BEGIN Materials provided

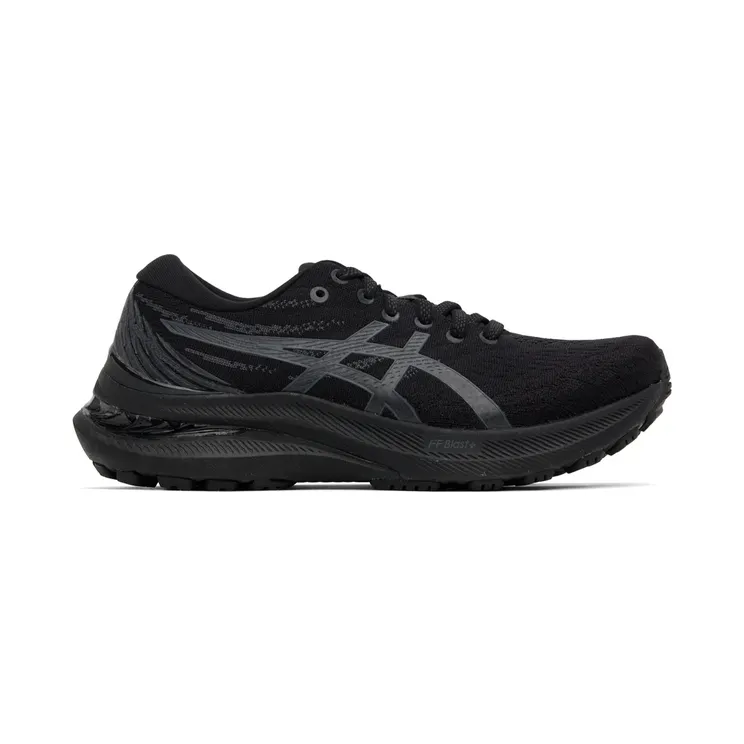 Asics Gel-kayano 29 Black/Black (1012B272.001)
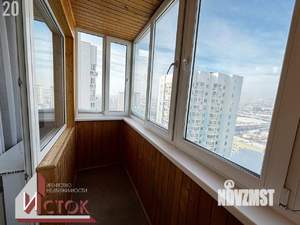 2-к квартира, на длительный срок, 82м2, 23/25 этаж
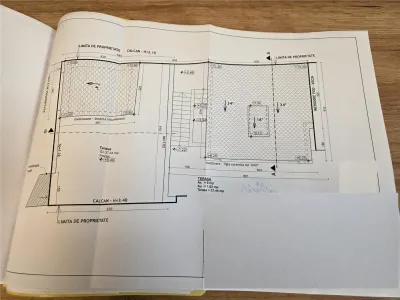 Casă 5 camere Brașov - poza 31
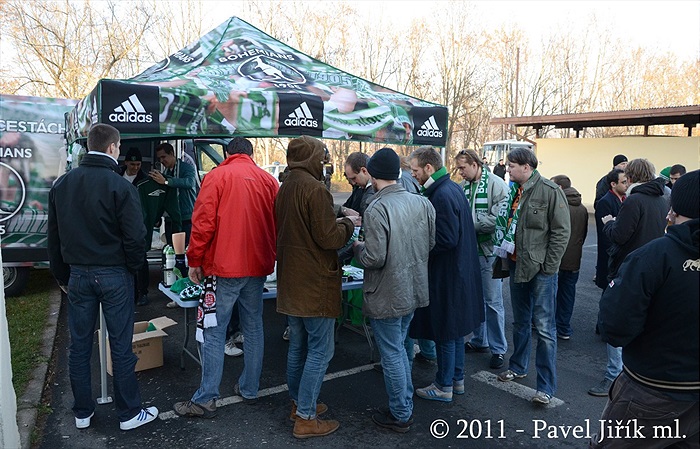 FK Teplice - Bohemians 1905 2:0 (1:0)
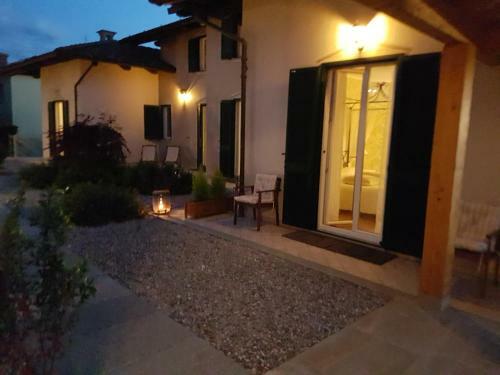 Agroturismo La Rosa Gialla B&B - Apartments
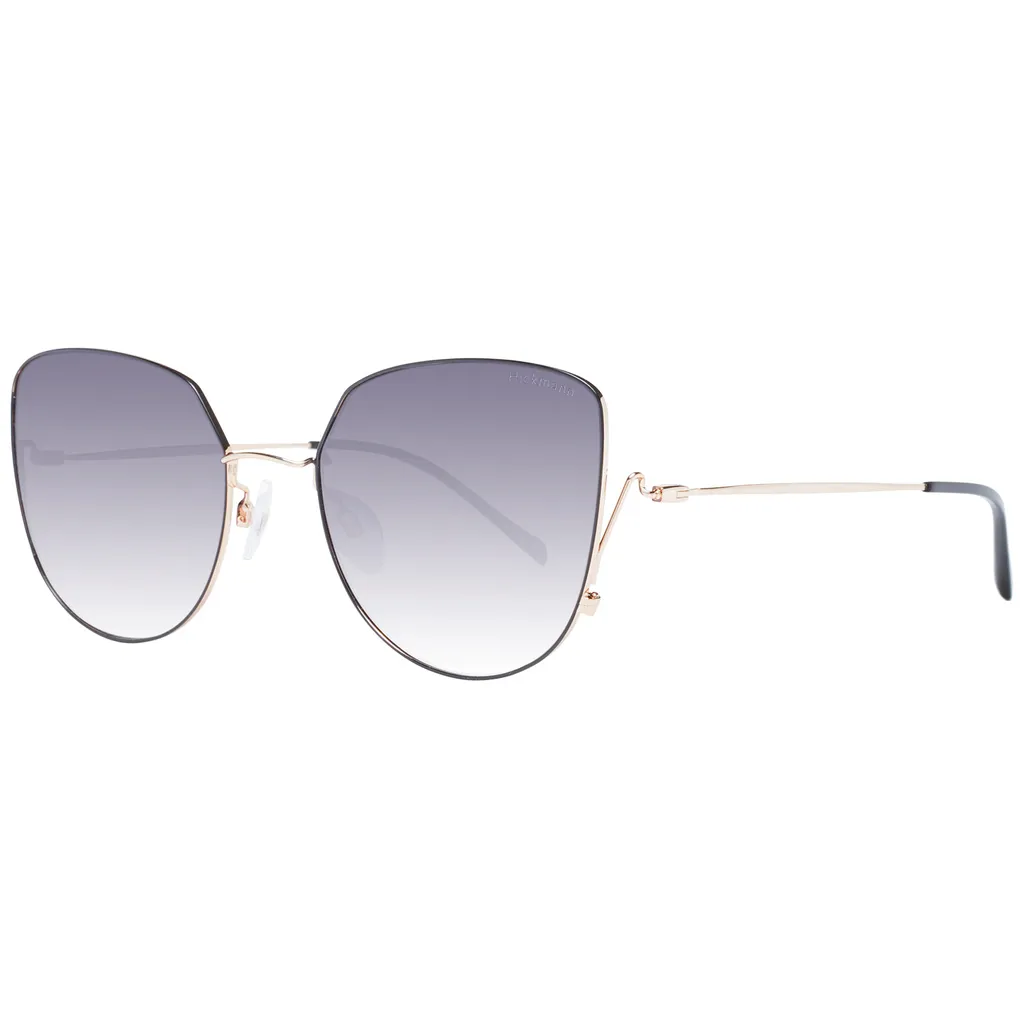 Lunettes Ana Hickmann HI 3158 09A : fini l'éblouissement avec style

END Materials provided

__What you are asked to do__. Images aside, return each entry above precisely as it stands.

__Result__.
 Asics Gel-kayano 29 Black/Black (1012B272.001)
 2-к квартира, на длительный срок, 82м2, 23/25 этаж
 Casă 5 camere Brașov - poza 31
 FK Teplice - Bohemians 1905 2:0 (1:0)
 Agroturismo La Rosa Gialla B&B - Apartments
 Lunettes Ana Hickmann HI 3158 09A : fini l'éblouissement avec style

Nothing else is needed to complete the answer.